Two weeks after her death, there has been no significant progress in the investigation, according to a police source at the DPI, in a country where between 13 and 16 violent deaths are reported daily. Two of these daily deaths are of women, and at least one per week is a member of the LGBTI community, according to the Violence Observatory of the National Autonomous University of Honduras (OV-UNAH).
Some of his friends said the young man was a member of the LGBTQ+ community. But his family denies this and emphasizes the fact that he was the father of a one-year-old baby. “He was a cheerful young man, and his personal life was very much his own,” his relatives said. They added that they didn't want to delve further into the matter out of fear. They felt it wouldn't do them any good, since “neither the National Police nor the prosecutors from the Public Ministry are interested in investigating crimes, especially not crimes like this.”

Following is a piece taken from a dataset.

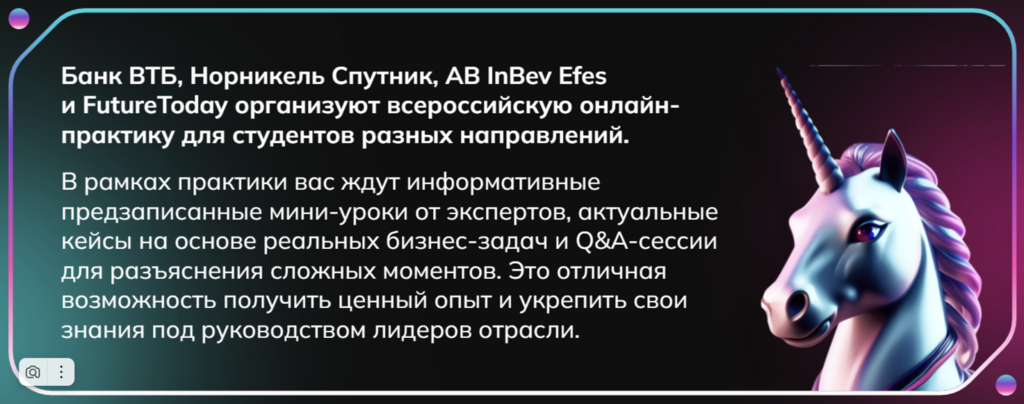 FUTURE TODAY: Онлайн-практика в топовых компаниях для студентов любых направлений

The autopsy revealed the brutality of the crime
The brutality of the crime was revealed at the autopsy table. “The cause of death was asphyxiation by strangulation,” a forensic source informed Presentes, a fact confirmed in the forensic report. No prosecutor from the Public Ministry (MP) has yet requested to proceed with the legal process and bring the case before a court.
In addition to the scientific findings, the murdered young man had several bruises caused by a blunt (not sharp) object. His ears were lacerated, one cut, the other pierced in several places. It is inferred that before dying, the victim was subjected to cruel treatment and torture with bladed weapons. He was forced to kneel and dragged, and his skin was torn, according to the source who had access to the autopsy report.

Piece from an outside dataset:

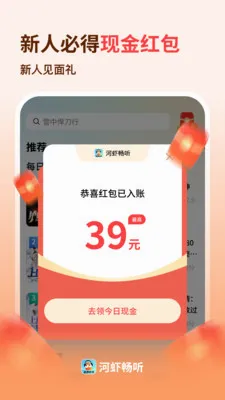 ��Ϻ����(�������鹦��)v1.0.3 ��Ѱ��ͼ4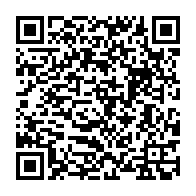 qrcode:https://www.thegabon.com/presidentielle-2025-au-gabon-l-ancien-premier-ministre-julien,9539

The young man was born in the municipality of Omoa, Cortés department, in the northern part of Honduras. He came from humble, simple origins, was 24 years old, and was raising a child, according to information provided by the family and by the Lesbian Feminist Network, “Cattrachas”, dedicated to research and communication for political advocacy and the defense of the human rights of the LGBTTI community in Honduras.
Violence and hate crimes go unpunished
So far, according to the sources consulted, everything seems to indicate that this crime, like the 337 homicides of LGBTQ+ people registered in Honduras since 2009, will remain unpunished. Statistics compiled by Cattrachas indicate that, of the 337 violent deaths or unpunished homicides, 39 victims were lesbians, 107 were transgender, and 190 were gay men, with one person missing. This does not include the at least four more violent deaths reported in late September and so far in October, which will increase the statistics for the last half of 2019.

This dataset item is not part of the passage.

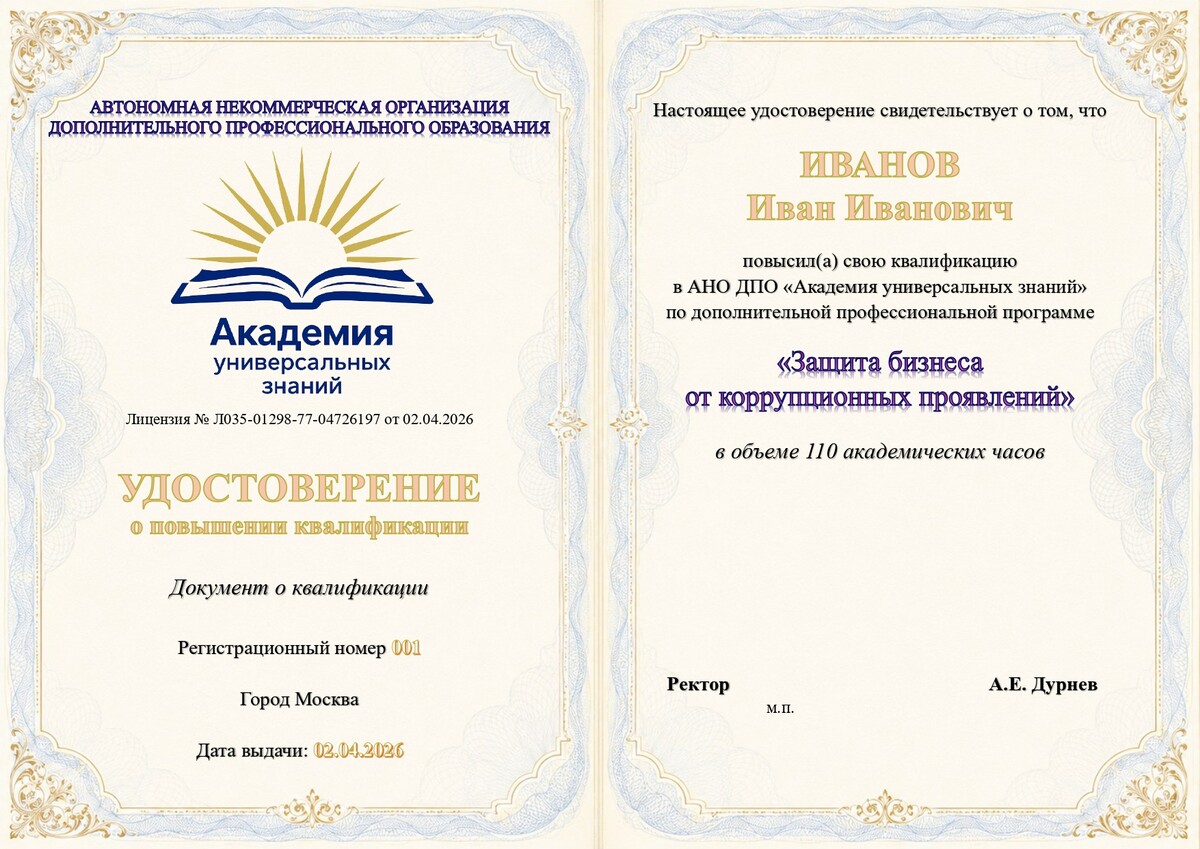 Образец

For murders of LGBT+ people since 2010, the Inter-American Commission on Human Rights (IACHR) has demanded that the State of Honduras pay attention to the patterns that are repeated in the violent deaths of LGBTI+ people, reported Erick Martínez, an LGBTI rights activist at the Center for Research and Promotion of Human Rights (Ciprodeh).
Martínez adds that most victims of violent deaths are sex workers. She stated that “transgender women are the most vulnerable to these hate crimes. They are visible because of the work they do and more exposed to the crime that exists in Honduras.”